There is at least lip service paid to the need to preserve natural resources: Establish a regional vision around air quality, stormwater management, preservation of scenic assets, and water resource management.
This is all well and good—but the approach is inadequate to meet or create a sustainable future. Of course, none of us can predict our exact future, but this THRIVE 2055 approach, with growth management and push for more industry and business as the overarching goals, seems shortsighted. It’s more like a five-year strategic plan than one looking 40 years down the road.
Our ecosystem that supports all life is under assault—and yet we plod along the same path, believing this same old way guarantees increase in monetary wealth for all, even though we know it’s not the case.
To satisfy our need for more, we continue to permit the production of goods and food poisonous to our health and to the environment. We continue to permit energy generation that produces air, water, carbon and radionuclide pollution and encourages mountain top removal, forest and soil degradation, species loss, earthquakes from fracking, and nuclear waste.
Meanwhile, the West Antarctic Ice Sheet is sliding into the sea, causing coastal rising of sea levels and forcing people to move inland (possibly to Tennessee). Climate disruption is also causing changes in food production and loss of biodiversity.
These are big concerns left unaddressed by THRIVE 2055. It feels like rearranging deck chairs on the Titanic while ignoring the need for real survival solutions.
In a “Story of Stuff” video, Annie Leonard tells us that the old game is to get more. In a resource-constrained world, that’s the wrong goal. The goal should be to get better. (www.storyofstuff.org) Leonard encourages us to engage in figuring out game-changing solutions that lead to a better chance to survive on this planet.
And what might those game-changing solutions be?
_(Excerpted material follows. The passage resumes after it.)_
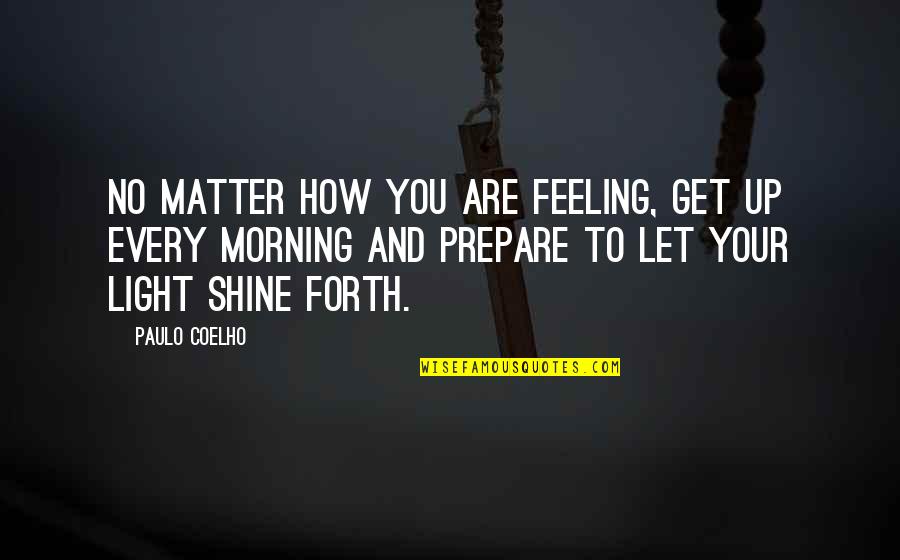 Ablonczy Balazs Quotes By Paulo Coelho: No matter how you are feeling, get up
First, recognize that the prime directive is to place the preservation of environmental resources above growth. THRIVE 2055 does emphasize the need to preserve our scenery and save our natural resources—but realistically, when it comes to choosing between saving a wetland or building a retail store, will construction permits be denied?
Secondly, it’s about using less stuff. Many (maybe most) of us go round and round in a revolving door working harder and harder just to buy something more, as if the planet’s resources are not finite. This pattern of overconsumption is not leading to better.
Perhaps we should rely on the 16 behaviors Robert Fulghum lists in his poem “All I Really Need to Know I learned in Kindergarten.” The very first one is “Share Everything”, the fifth one is “Clean Up Your Own Mess”, and the sixth one is, “Don’t Take Things That Aren’t Yours”.
Those are lessons that would serve us well going forward with sustainability in mind. Can we live in supportive communities to get back in harmony with the environment? How about thinking of ways to do that—and THRIVE?